Unfortunately, some scientists view and utilize these instruments as
"black boxes". The term implies a device in which the scientist
places a sample and somehow a number is generated that influences the
scientist’s decision-making process. It should be apparent that this approach
could be dangerous, as the old saying "Garbage In/Garbage Out" is
often true. As such any scientist using sophisticated instrumental equipment
needs at least a basic understanding of how these devices are designed to work.
Instrumental
Methods of Analysis is a broad
subject, but the methods are generally categorized as spectroscopic,
electrochemical, or chromatographic. We
will essentially take the cover off the "black box" and see how these
instruments are constructed and measurements made from the underlying chemical
and physical properties of the substance.
Quantitative problem solving will be utilized as a means to demonstrate
physical principles applied in the design and performance of instruments.
The
goal of this course is not to make you an "expert" on each type of
instrumentation encountered, but rather to introduce and educate you to the
many types of instruments available for chemical analysis and the type(s) of
information these instruments provide. It is my hope that you will then expand
your knowledge of the instruments you come into contact with during your
scientific career, thereby avoiding the "black box" problem.
Specific
Course Objectives:
By
the end of this course, you should:
- Have an
understanding of how chemical and physical properties of substances are
used in the design and construction of modern sophisticated
instrumentation used in chemical analysis
- Have a broad
knowledge of the types of instrumentation generally available and the
information provided by each
- Understand the
advantages, disadvantages, and limitations of different instruments used
for similar types of analyses
- Use rigorous
mathematical methods for evaluating instrument performance
Time/Location:
12:30 - 1:45 TR / Sims 302
Professor:
Dr.
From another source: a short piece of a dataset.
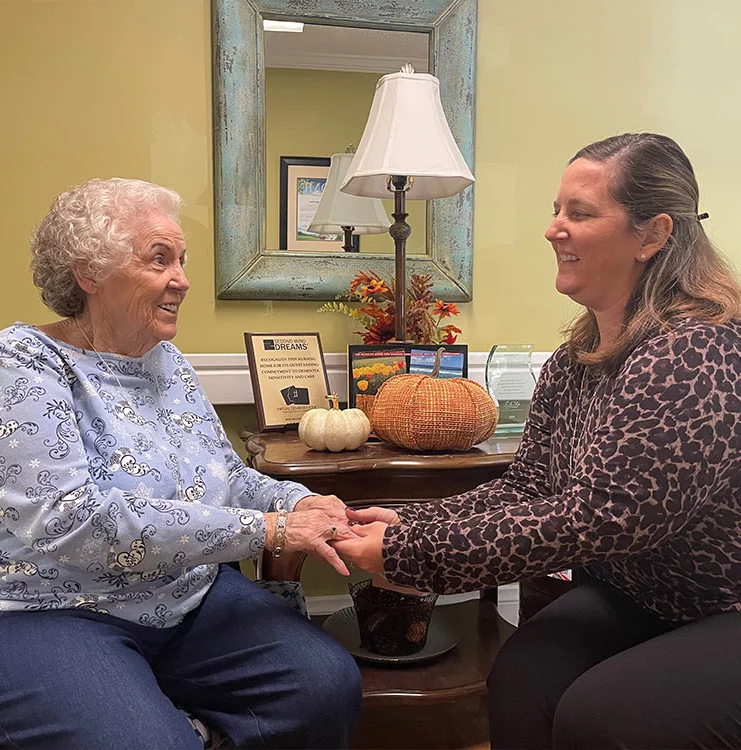 A woman and an older woman sitting in a chair, engaged in conversation.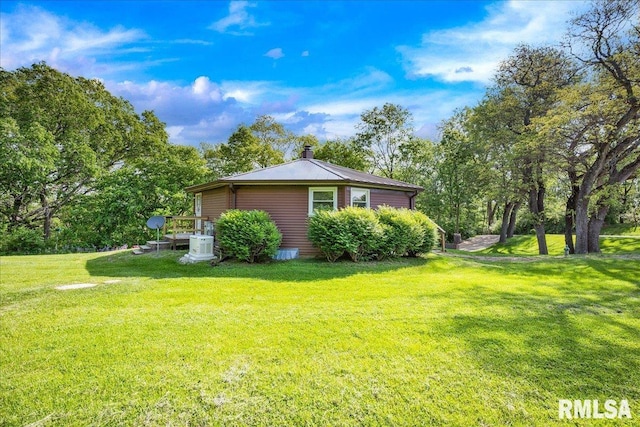 view of side of home with a lawn and a chimney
C. Calloway callowayc@winthrop.edu
Office:
312-B Sims Hall; 323-4945
Office
Hours: TRF 8:30 - 10:30
a.m. {and other times by appointment.}
Textbook:
Skoog, D.A., Holler, F.J., Crouch, S.R. Principles of Instrumental Analysis, 6thedition.
Grading/Evaluation:
Note: Since all graded work (including homework to
be collected, quizzes, papers, mid-term examinations, final examination,
research proposals, laboratory results and reports, etc.) are used in the
determination of academic progress, no collaboration on such work is permitted unless
the instructor explicitly indicates that some specific degree of collaboration
is allowed. This statement is not intended to discourage students from studying
together, seeking help from the instructor, or working together on assignments
that are not to be collected. These
activities are encouraged.
Grades in this course will be determined from three
sources, as follows:
- Homework (20%):
Periodically, homework problems will be assigned, from the textbook or as
handouts, and collected. Due dates given for each assignment are the final
date each assignment will be accepted.
- Mid-term
Exams (60%): There will be 4 exams given during the term covering the
topics listed below. Make sure
to bring a pencil and calculator to the exam. No make-up exams will be
given, except under extreme conditions.
If an exam is missed with a valid excuse, as determined by the
instructor, the remaining exams will be averaged. The exams are scheduled as follows:
- Exam
1: February 7
- Exam
2: February 28
- Exam
3: April 3
- Exam
4: April 28
- Final Examination:
20% {Tuesday, May 6/11:30 a.m.
– 2:00 p.m.} There will be a cumulative final examination given during
exam week. If you score higher on the final exam than your lowest mid-term
exam, the final exam grade will replace the lowest exam grade, before
averaging.
Letter
grades will be assigned as follows:
94 - 100%: A 90-93%: A- 86-89%: B+ 82-85%: B 78-81%: B-
74-77%: C+ 70-73%: C 66-69%: C- 62-65%: D+ 58-61%: D
55-57%: D-
Menu
of Topics:
- Analytical Figures
of Merit, Basic Electronics,
Signal-to-Noise Theory (Ch.
1,2,3A-C, and 5)
Exam 1
- Spectroscopic
Instrument Design - (Ch.
6,7)
- Molecular
Electronic and Vibrational Spectroscopy (Ch. 13, 15, 16, 18)
Exam 2
- Nuclear Magnetic
Resonance Spectroscopy- (Ch. 19)
- Atomic and Molecular Mass
Spectrometry (Ch.
11,20)
- Surface Analysis (Ch.
21)
Exam 3
- Electro-analytical
Chemistry (Ch. 23-25)
- Advanced
Separations (Ch. 26, 29,30)
Exam 4
Chapter Competencies
Old Exam 1
Old Exam 2
Students
with Disabilities: If
you have a disability and need classroom accommodations, please contact Services
for Students with Disabilities, at 323-3290, as soon as possible. Once you have your “Professor Notification
Form”, please notify me so that I am aware of your accommodations well before
the first test or assignment.
My
advice, to help you succeed in this endeavor:
- Read your textbook.
- Be sure you know
how to do mean, standard deviation, and linear regression on your
calculator.
- Stay ahead of the
lectures in your reading.
- Work the homework
problems by yourself, without any aid.
- Don’t fall behind.
- Wear sunscreen.
- Read your textbook.
- Floss at least once
a day.
- Talk to your
professor, especially if you are confused.
- Get a good night’s
rest.
- Read your textbook.
- Sing occasionally.
- Above all, read
your textbook.